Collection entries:
[Start of Attachment]

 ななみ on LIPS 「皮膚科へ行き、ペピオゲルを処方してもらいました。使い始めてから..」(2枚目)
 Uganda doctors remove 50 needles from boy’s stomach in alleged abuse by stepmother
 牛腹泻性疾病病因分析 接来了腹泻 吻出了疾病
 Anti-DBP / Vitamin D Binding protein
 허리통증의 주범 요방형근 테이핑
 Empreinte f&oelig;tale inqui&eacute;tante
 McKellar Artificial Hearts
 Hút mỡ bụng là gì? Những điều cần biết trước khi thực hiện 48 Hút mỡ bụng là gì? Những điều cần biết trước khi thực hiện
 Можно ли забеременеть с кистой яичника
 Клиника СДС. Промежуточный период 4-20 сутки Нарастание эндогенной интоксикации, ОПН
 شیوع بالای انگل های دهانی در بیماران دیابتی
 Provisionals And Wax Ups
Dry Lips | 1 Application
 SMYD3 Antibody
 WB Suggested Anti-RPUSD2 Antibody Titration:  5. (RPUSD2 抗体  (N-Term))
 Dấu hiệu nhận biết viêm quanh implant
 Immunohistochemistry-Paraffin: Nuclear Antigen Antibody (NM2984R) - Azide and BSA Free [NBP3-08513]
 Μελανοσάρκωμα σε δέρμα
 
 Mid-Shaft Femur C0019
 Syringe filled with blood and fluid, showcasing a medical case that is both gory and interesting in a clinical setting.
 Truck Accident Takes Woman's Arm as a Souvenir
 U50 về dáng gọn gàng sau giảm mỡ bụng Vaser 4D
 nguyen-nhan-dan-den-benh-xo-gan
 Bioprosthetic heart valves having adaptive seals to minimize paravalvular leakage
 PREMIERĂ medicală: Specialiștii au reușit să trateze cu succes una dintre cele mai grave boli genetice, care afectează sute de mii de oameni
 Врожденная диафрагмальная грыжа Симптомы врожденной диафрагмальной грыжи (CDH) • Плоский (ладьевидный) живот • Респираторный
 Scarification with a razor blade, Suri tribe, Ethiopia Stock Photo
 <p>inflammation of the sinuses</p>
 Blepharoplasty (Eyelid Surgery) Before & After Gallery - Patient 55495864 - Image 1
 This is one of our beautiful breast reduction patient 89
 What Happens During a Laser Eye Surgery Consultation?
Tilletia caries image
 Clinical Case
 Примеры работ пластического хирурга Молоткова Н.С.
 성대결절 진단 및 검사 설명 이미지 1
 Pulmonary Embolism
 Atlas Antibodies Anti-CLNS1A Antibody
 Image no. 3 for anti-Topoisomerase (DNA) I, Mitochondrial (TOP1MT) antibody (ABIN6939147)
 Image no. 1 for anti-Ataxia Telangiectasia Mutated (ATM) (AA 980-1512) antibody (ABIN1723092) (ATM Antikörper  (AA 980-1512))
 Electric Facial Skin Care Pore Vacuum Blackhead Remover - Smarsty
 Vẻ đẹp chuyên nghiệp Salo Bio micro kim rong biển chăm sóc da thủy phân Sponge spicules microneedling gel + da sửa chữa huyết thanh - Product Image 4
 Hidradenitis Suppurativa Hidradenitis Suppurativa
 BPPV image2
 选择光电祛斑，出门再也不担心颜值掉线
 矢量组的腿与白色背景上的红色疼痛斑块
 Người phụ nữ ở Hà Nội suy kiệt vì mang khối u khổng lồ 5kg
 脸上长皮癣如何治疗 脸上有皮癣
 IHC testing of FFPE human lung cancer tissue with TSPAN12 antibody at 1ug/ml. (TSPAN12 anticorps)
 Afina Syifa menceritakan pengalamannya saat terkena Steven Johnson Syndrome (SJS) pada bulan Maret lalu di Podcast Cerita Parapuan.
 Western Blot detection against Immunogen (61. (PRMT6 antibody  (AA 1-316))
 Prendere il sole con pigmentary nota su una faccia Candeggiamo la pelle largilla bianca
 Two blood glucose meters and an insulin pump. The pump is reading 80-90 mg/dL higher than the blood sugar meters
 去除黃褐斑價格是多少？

[End of Attachment]

Description of the task ▸ Beginning with the first line above, transcribe all of the data exactly.

Solution to this problem ▸
 ななみ on LIPS 「皮膚科へ行き、ペピオゲルを処方してもらいました。使い始めてから..」(2枚目)
 Uganda doctors remove 50 needles from boy’s stomach in alleged abuse by stepmother
 牛腹泻性疾病病因分析 接来了腹泻 吻出了疾病
 Anti-DBP / Vitamin D Binding protein
 허리통증의 주범 요방형근 테이핑
 Empreinte f&oelig;tale inqui&eacute;tante
 McKellar Artificial Hearts
 Hút mỡ bụng là gì? Những điều cần biết trước khi thực hiện 48 Hút mỡ bụng là gì? Những điều cần biết trước khi thực hiện
 Можно ли забеременеть с кистой яичника
 Клиника СДС. Промежуточный период 4-20 сутки Нарастание эндогенной интоксикации, ОПН
 شیوع بالای انگل های دهانی در بیماران دیابتی
 Provisionals And Wax Ups
Dry Lips | 1 Application
 SMYD3 Antibody
 WB Suggested Anti-RPUSD2 Antibody Titration:  5. (RPUSD2 抗体  (N-Term))
 Dấu hiệu nhận biết viêm quanh implant
 Immunohistochemistry-Paraffin: Nuclear Antigen Antibody (NM2984R) - Azide and BSA Free [NBP3-08513]
 Μελανοσάρκωμα σε δέρμα
 
 Mid-Shaft Femur C0019
 Syringe filled with blood and fluid, showcasing a medical case that is both gory and interesting in a clinical setting.
 Truck Accident Takes Woman's Arm as a Souvenir
 U50 về dáng gọn gàng sau giảm mỡ bụng Vaser 4D
 nguyen-nhan-dan-den-benh-xo-gan
 Bioprosthetic heart valves having adaptive seals to minimize paravalvular leakage
 PREMIERĂ medicală: Specialiștii au reușit să trateze cu succes una dintre cele mai grave boli genetice, care afectează sute de mii de oameni
 Врожденная диафрагмальная грыжа Симптомы врожденной диафрагмальной грыжи (CDH) • Плоский (ладьевидный) живот • Респираторный
 Scarification with a razor blade, Suri tribe, Ethiopia Stock Photo
 <p>inflammation of the sinuses</p>
 Blepharoplasty (Eyelid Surgery) Before & After Gallery - Patient 55495864 - Image 1
 This is one of our beautiful breast reduction patient 89
 What Happens During a Laser Eye Surgery Consultation?
Tilletia caries image
 Clinical Case
 Примеры работ пластического хирурга Молоткова Н.С.
 성대결절 진단 및 검사 설명 이미지 1
 Pulmonary Embolism
 Atlas Antibodies Anti-CLNS1A Antibody
 Image no. 3 for anti-Topoisomerase (DNA) I, Mitochondrial (TOP1MT) antibody (ABIN6939147)
 Image no. 1 for anti-Ataxia Telangiectasia Mutated (ATM) (AA 980-1512) antibody (ABIN1723092) (ATM Antikörper  (AA 980-1512))
 Electric Facial Skin Care Pore Vacuum Blackhead Remover - Smarsty
 Vẻ đẹp chuyên nghiệp Salo Bio micro kim rong biển chăm sóc da thủy phân Sponge spicules microneedling gel + da sửa chữa huyết thanh - Product Image 4
 Hidradenitis Suppurativa Hidradenitis Suppurativa
 BPPV image2
 选择光电祛斑，出门再也不担心颜值掉线
 矢量组的腿与白色背景上的红色疼痛斑块
 Người phụ nữ ở Hà Nội suy kiệt vì mang khối u khổng lồ 5kg
 脸上长皮癣如何治疗 脸上有皮癣
 IHC testing of FFPE human lung cancer tissue with TSPAN12 antibody at 1ug/ml. (TSPAN12 anticorps)
 Afina Syifa menceritakan pengalamannya saat terkena Steven Johnson Syndrome (SJS) pada bulan Maret lalu di Podcast Cerita Parapuan.
 Western Blot detection against Immunogen (61. (PRMT6 antibody  (AA 1-316))
 Prendere il sole con pigmentary nota su una faccia Candeggiamo la pelle largilla bianca
 Two blood glucose meters and an insulin pump. The pump is reading 80-90 mg/dL higher than the blood sugar meters
 去除黃褐斑價格是多少？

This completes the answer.